The entire weekend was a disastrous one for Hamilton – he was knocked out of Q2 on Friday, starting the Sprint in P13 with Russell in P11. The pair failed to score points in the Sprint, with Russell crossing the line in P11 and Hamilton P14.

The changeable conditions in the first portion of Sunday’s race meant everyone started on intermediates and went on to switch to medium tyres on lap 18 or lap 19. This gave little opportunity for Mercedes to make up ground, and the drying conditions and subsequent increase in speed therefore only worsened their serious porpoising issue.

An apologetic and somewhat despondent Wolff clarified his comments of Hamilton’s car being “undriveable” over the radio as not pointing towards a one-off issue in the race, but rather the unsatisfying level of the car so far this season.

“The car was undriveable in the way it was undriveable before,” said Wolff. “You see the bouncing on the main straight, I wonder how the two of them can even keep the car on the track at times. Lewis deserves better from us but we are a team so we all need to do the utmost in order to provide him with a machine that is able to fight for front positions.”

Wolff also explained how he felt Hamilton did have pace to give in the W13 during the Grand Prix, but was held back by the nature of the circuit not lending itself to producing easy overtakes.

“You see when there is a DRS train like there was in the Sprint race, none of them could overtake so if you’re being boxed in by a train of cars, it’s almost impossible to overtake,” Wolff explained. “I think Lewis had much better pace than Gasly or Albon or all the other guys in front of him, but there’s one DRS straight and if you haven’t got the straight line speed you can’t pass.

“I think both drivers are doing the utmost and outperforming the car at the moment and we’ve seen that reaping the results for George who did an outstanding race, perfect start then handled a car that wasn’t tuned optimally and Lewis was just stuck there in the back.”

When asked on the atmosphere between himself, Hamilton and the team as a whole, Wolff explained how there is indeed “necessary pressure” being applied. It referred to the world feed during Hamilton’s Q2 exit when he was having an animated chat with the boss. “It’s quite funny how it’s been interpreted,” Wolff started.

“Lewis and I shared frustration that we weren’t really able to extract lap-one performance and how annoying it was. But it was basically the same point of view and just sheer anger. There is no division, and there is no blaming or anything like that. There’s pressure in the system, but I would say the necessary pressure to get things right.

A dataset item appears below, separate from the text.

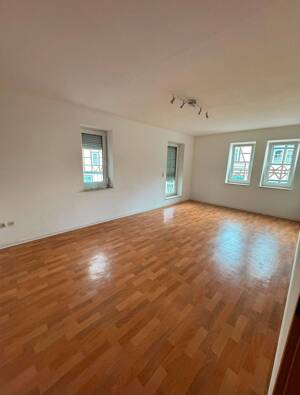 Besichtigung bitte telefonisch abstimmen! - 2 Raumwohnung mit Einbauküche und Balkon im 1. Obergeschoss – 99891 Bad Tabarz – Vorschaubild 4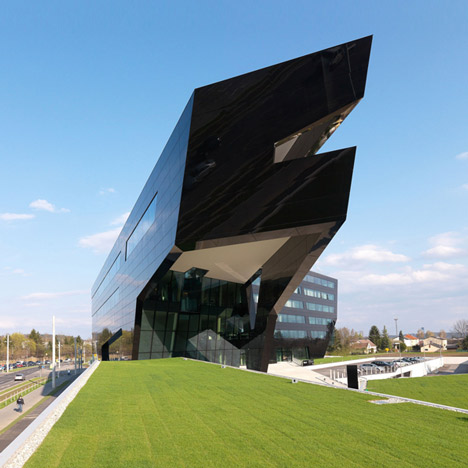 MP09 Black Panther by GS Architects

“Nobody in the team is anywhere near enjoying the ride at the moment. And this team, we’ve done it in the past and we just need to dig ourselves out of that hole,” summed up Wolff. Hamilton was similarly dispirited in the post-race interviews, offering somewhat short answers and little detail as to what the root of the problem was in Imola.

He explained how he “didn’t really” find the race frustrating, adding that he “just wasn’t moving forwards”. “I just wasn’t fast enough to overtake,” Hamilton said. “I’ve definitely had lower moments so this is not the lowest [of my career].

“It has been difficult, but I don’t know what to say. It’s definitely not been easy but we all feel it as a team and at least George got some points today for the team, so my apologies to everyone that I wasn’t able to do the same. Everyone’s feeling it but everyone’s just heads down and trying their best and there’s no-one that’s giving up and everyone’s just trying to move forward as fast as they can.”